If I’ve understood this correctly, can I ask why ec140b7 was never deployed to any nodes? Presumably there’s no need to worry about compatibility issues with nodes upgrading from e268b98 straight to ec35ebd2 (skipping ec140b7)?

3 Likes

Reviewers for the CodeGov project have completed our review of these replica updates.

Proposal ID: 130082
Vote: ADOPT
Full report on OpenChat
Note: 2 CodeGov reviewers elected to Reject this proposal due to hash mismatches in the IC-OS Verification build. The other reviewers elected to Adopt. There was a lot of discussion in this proposal review thread linked above as well as posted here and here on the forum. There wasn’t a direct post on the forum for this proposal, so our questions seem to be scattered in different locations.

Proposal ID: 130083
Vote: ADOPT
Full report on OpenChat

At the time of this comment on the forum there are still 2 days left in the voting period, which means there is still plenty of time for others to review the proposal and vote independently.

We had several very good reviews of the Release Notes on these proposals by @Zane, @cyberowl, @ZackDS, @massimoalbarello, @ilbert, @hpeebles, and @Lorimer.
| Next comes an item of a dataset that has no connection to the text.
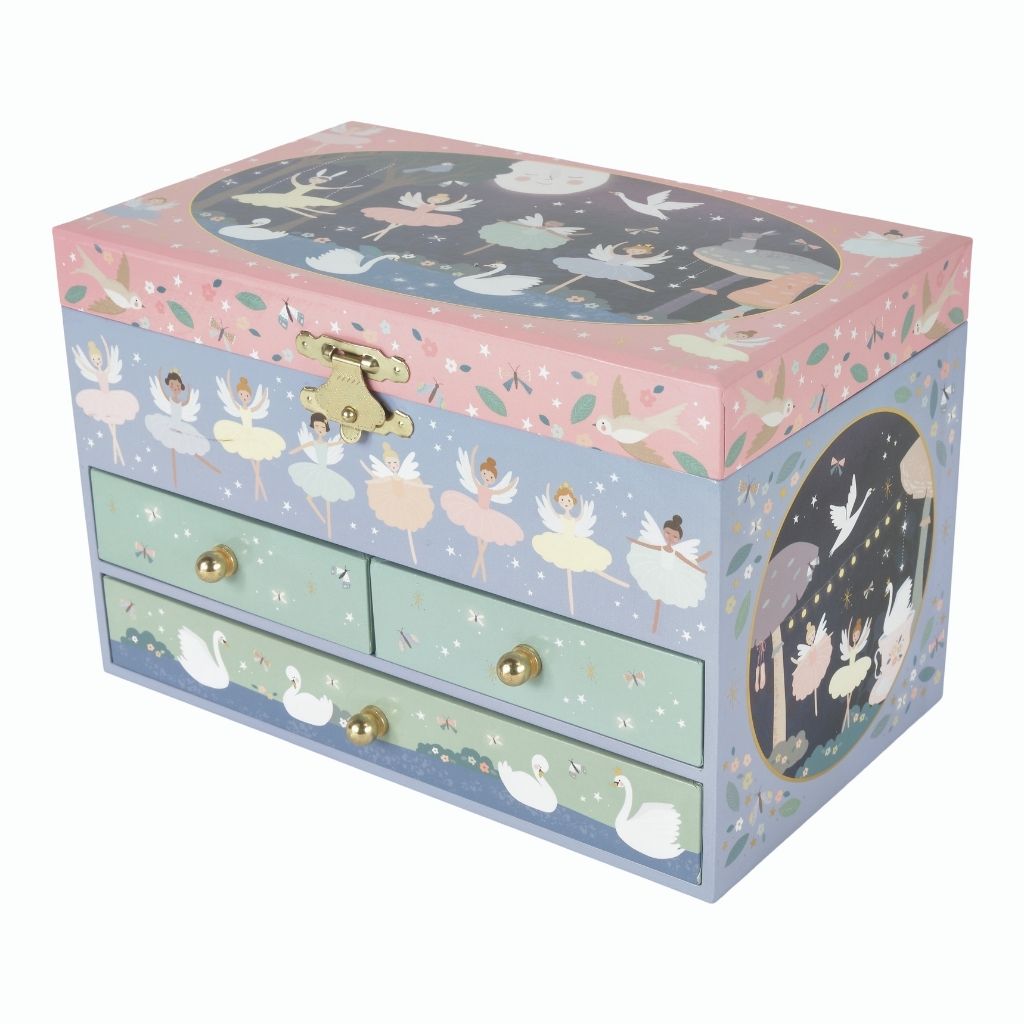 FLOSS & ROCK – Enchanted 3 Drawer Jewellery Box – (43P6389) v:1332476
The IC-OS Verification was also performed by @jwiegley, @tiago89, and @Gekctek. I recommend folks take a look and see the excellent work that was performed on these reviews by the entire CodeGov team. Feel free to comment here or in the thread of each respective proposal in our community on OpenChat if you have any questions or suggestions about these reviews.

3 Likes

Absolutely! The HostOS rollouts are not fully automated (yet) so the forum posts do not get automatically created. I guess it should be fine to reuse the same forum thread to discuss both.

You are right @Lorimer – impressive observation and analysis skills! The second HostOS version was caused by me heavily underestimating the time that will be needed to roll out a single HostOS version. So I submitted both election proposals hoping that the first one will be rolled out quickly, but not really calculating or checking of the following can be technically done. But then we needed to roll out very slowly (it was the first HostOS rollout ever), and the following could not be easily set up so the community needed to vote on each step, and in result we could have at most 2 steps per week. So then after a month of a rollout, the second version didn’t make much sense to roll out.

We have now reorganized the topics (thanks to the amazing @aterga who did all the work!) and the following for the rollout is already set up, so the HostOS rollout should be much faster and easier both for the community (== less voting) and for us.

3 Likes